Data: 04/10/2010
piacenza - «Perché non fare le centrali nucleari dop a chilometro zero, visto che alcuni pensano che una centrale nucleare sia un valore aggiunto del territorio? » Laura Chiappa presidente del circolo cittadino di Legambiente lancia una provocazione sul dibattito riguardante il nucleare, che negli ultimi giorni ha registrato nuove dichiarazioni da parte dei parlamentari Tommaso Foti e Massimo Polledri.
Ma Chiappa non è l'unica ad esternare forti perplessità sull'attuazione di una politica energetica nazionale improntata sul nucleare, che potrebbe coinvolgere direttamente anche Caorso. Ad esprimere un secco no al nucleare "sistema superato, vecchio, anacronistico, costoso e dal forte impatto negativo sulla salute" è anche Giuseppe Miserotti presidente dell'Ordine dei Medici di Piacenza, che ha dalla sua ricerche che attestano "la reale pericolosità del nucleare per la salute". In merito alle dichiarazioni dei due deputati che, come abbiamo riferito ieri, riaprono il dibattito dichiarando che è arrivato il momento di parlar di nucleare sul nostro territorio, Miserotti precisa: «E' una posizione che chiaramente protegge le solite lobby dei poteri forti dell'Italia e non solo».
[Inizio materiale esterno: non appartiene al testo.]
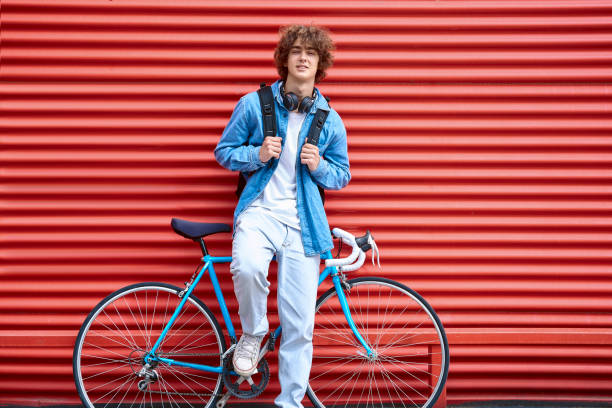 istock Smiling man leaning on bicycle and ribbed red wall 1390251475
Il presidente dell'Ordine supporta la sua contrarietà al nucleare con le ricerche scientifiche, una tra tante, frutto di 23 anni di lavoro, si chiama "Kikk Study" ed è stata commissionata dal Governo tedesco ad illustri epidemiologi. Lo studio che riguarda tutte le 16 centrali tedesche, «mette in luce un considerevole aumento delle leucemie infantili nei primi cinque anni d'età del 220%, e del 160% dei tumori embriogenetici, nelle persone che vivono entro i cinque chilometri dalle centrali, ma ci sono significative quantità di radionuclidi anche fino a 50 chilometri». Collegato alle centrali c'è il problema delle scorie, «irrisolvibile. I costi sono inoltre proibitivi, nessuna energia nucleare può essere attuata senza un forte intervento dello Stato. In Francia molti dei costi vanno sotto la voce della tassazione generale, quindi non è vero che il nucleare porta a vantaggi economici per i cittadini». Sulla situazione locale Miserotti aggiunge: «Piacenza utilizza solo un quinto dell'energia che produce sul suo territorio, quindi la città ha già dato molto e continua a dare». A tornare sulle dichiarazioni di Foti e Polledri è Chiappa: «Bisognerà che si mettano d'accordo, perché alcuni esponenti locali di Pdl e Lega, già in campagna elettorale, avevano dello no al nucleare». Un'altra questione che lascia Chiappa perplessa, riguarda gli incentivi che il Governo vuole dare ai territori sede di centrali nucleari. «In questo modo il Governo riconosce i rischi per la salute, ed è inaccettabile che un'amministrazione pubblica guadagni sulla pelle dei propri cittadini».